I have some NL stuff but dont ever say anything bad about no limit or youll get jumped by his goons.


----------



## DSL_PWR (Jul 22, 2009)

goodwood said:


> I have some NL stuff but dont ever say anything bad about no limit or youll get jumped by his goons.


haha..


----------



## Poon Chaser (Aug 22, 2006)

Is NL bad stuff?

Sent from my SAMSUNG-SM-G900A using Tapatalk


----------



## Friendswoodmatt (Feb 22, 2005)

keep your foot out of it all the time


----------



## Poon Chaser (Aug 22, 2006)

Friendswoodmatt said:


> keep your foot out of it all the time


I still do know what yall are saying. That makes no sense to me at all.

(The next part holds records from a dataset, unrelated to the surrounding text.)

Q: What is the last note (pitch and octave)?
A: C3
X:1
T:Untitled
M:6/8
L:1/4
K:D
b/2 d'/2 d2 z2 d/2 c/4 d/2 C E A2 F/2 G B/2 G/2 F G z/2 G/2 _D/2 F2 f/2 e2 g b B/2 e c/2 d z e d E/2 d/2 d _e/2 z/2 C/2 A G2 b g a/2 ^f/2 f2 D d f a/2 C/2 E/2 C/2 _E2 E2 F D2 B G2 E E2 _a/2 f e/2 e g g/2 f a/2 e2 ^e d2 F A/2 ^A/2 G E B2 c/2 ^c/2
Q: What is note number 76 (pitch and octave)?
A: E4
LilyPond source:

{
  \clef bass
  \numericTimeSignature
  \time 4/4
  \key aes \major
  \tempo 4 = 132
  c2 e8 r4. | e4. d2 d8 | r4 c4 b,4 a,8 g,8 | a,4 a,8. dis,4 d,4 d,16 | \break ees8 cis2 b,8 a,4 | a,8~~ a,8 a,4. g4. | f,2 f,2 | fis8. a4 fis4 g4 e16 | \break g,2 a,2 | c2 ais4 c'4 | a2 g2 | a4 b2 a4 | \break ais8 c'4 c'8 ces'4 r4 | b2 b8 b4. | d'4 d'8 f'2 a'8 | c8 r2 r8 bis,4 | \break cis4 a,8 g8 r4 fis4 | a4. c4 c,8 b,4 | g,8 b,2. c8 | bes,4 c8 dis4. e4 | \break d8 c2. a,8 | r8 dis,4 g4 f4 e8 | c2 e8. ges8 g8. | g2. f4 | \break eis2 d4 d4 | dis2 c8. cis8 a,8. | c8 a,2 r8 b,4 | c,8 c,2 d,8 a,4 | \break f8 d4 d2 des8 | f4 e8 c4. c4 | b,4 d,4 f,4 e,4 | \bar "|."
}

Sent from my SAMSUNG-SM-G900A using Tapatalk


----------



## goodwood (Mar 30, 2009)

Generally not bad stuff. Just cant address any concerns one might have without a bunch of people jumping down your throat.


----------



## Poon Chaser (Aug 22, 2006)

Ahhh. They are really loyal cool aid drinkers. Lol

Sent from my SAMSUNG-SM-G900A using Tapatalk


----------



## DSL_PWR (Jul 22, 2009)

**** Chaser said:


> Ahhh. They are really loyal cool aid drinkers. Lol


gallons at a time...


----------



## Poon Chaser (Aug 22, 2006)

DSL_PWR said:


> gallons at a time...


From upgrading an intercooler pipe?

Sent from my SAMSUNG-SM-G900A using Tapatalk


----------



## surf_ox (Jul 8, 2008)

Is the cac pitched like the 6.4 version??










Old bottom.

New top.

--------------

We never become who God created us to be trying to be like everybody else.


----------